• **Collected material**:
━━━━━━━━━━

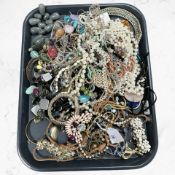 A quantity of costume jewellery, beads, necklaces, etc.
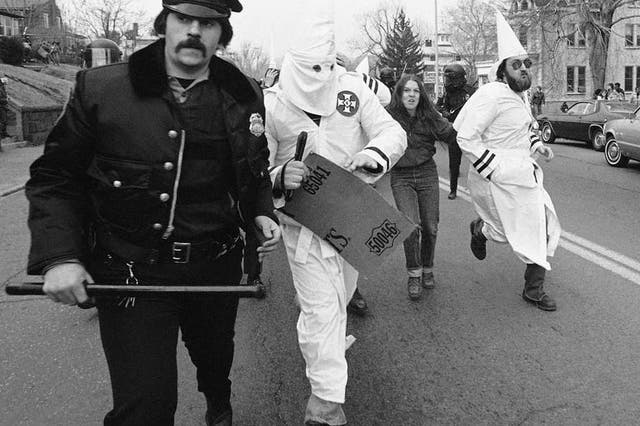 Ku Klux Klan members are escorted away from protesters by police in Meriden, Connecticut, 1981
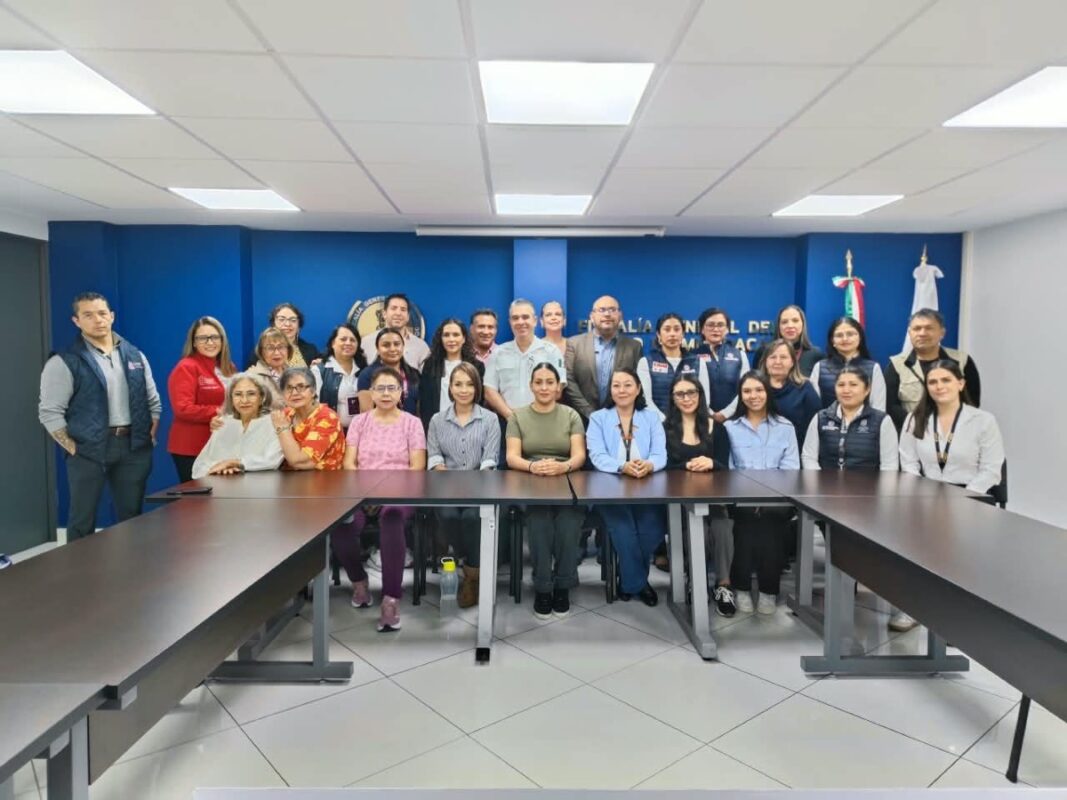 Un grupo de personas posa para una foto en una sala de reuniones con paredes azules y mesas en forma de U.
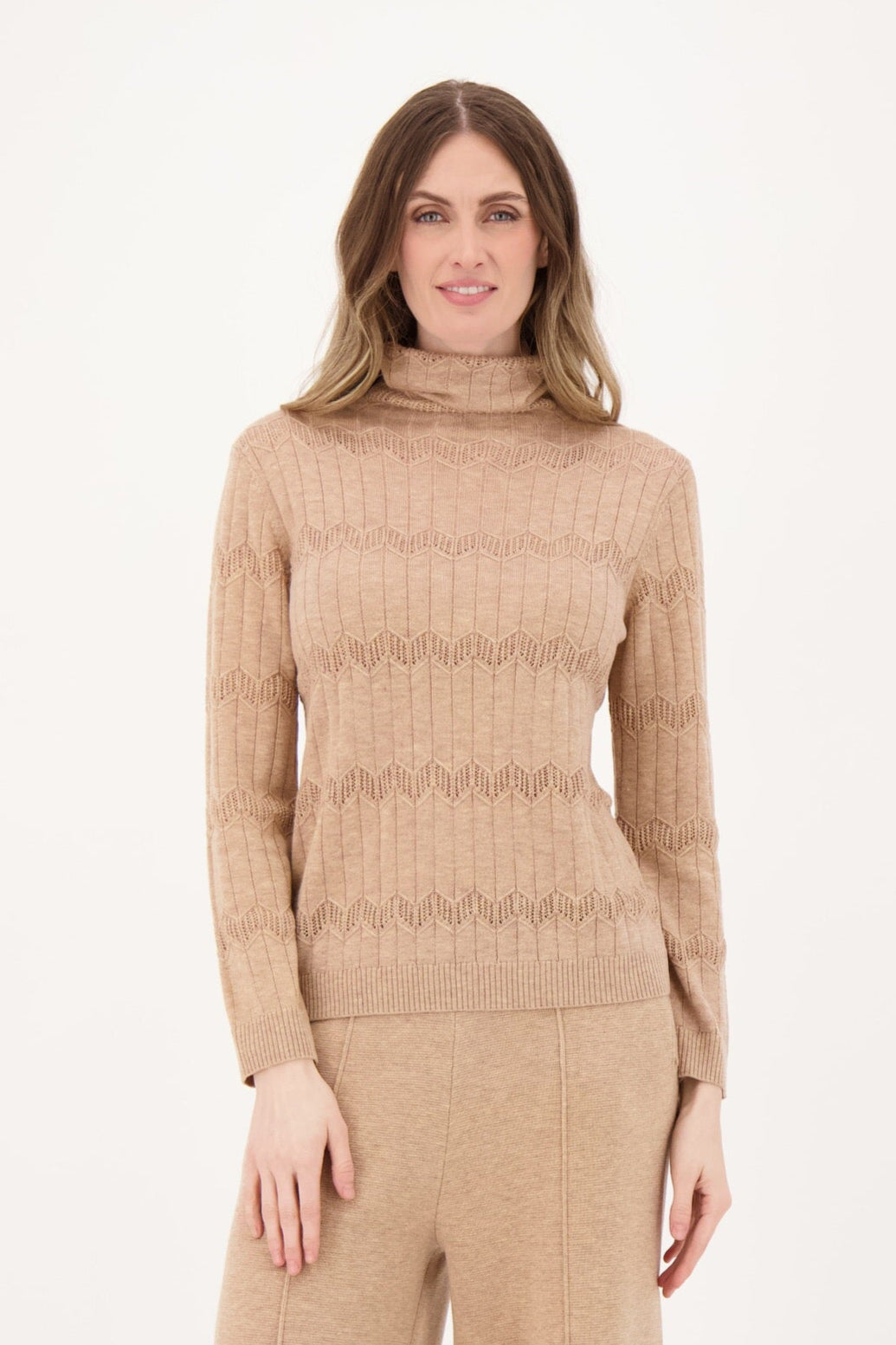 Woman wearing a beige ribbed knit outfit on a white background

━━━━━━━━━━

• **What to do**:
Skip all pictures. Write out only the lines from the one containing "Un grupo de" to the end of the listing above, inclusive, exactly as given.

• **Answer space**:
 Un grupo de personas posa para una foto en una sala de reuniones con paredes azules y mesas en forma de U.
 Woman wearing a beige ribbed knit outfit on a white background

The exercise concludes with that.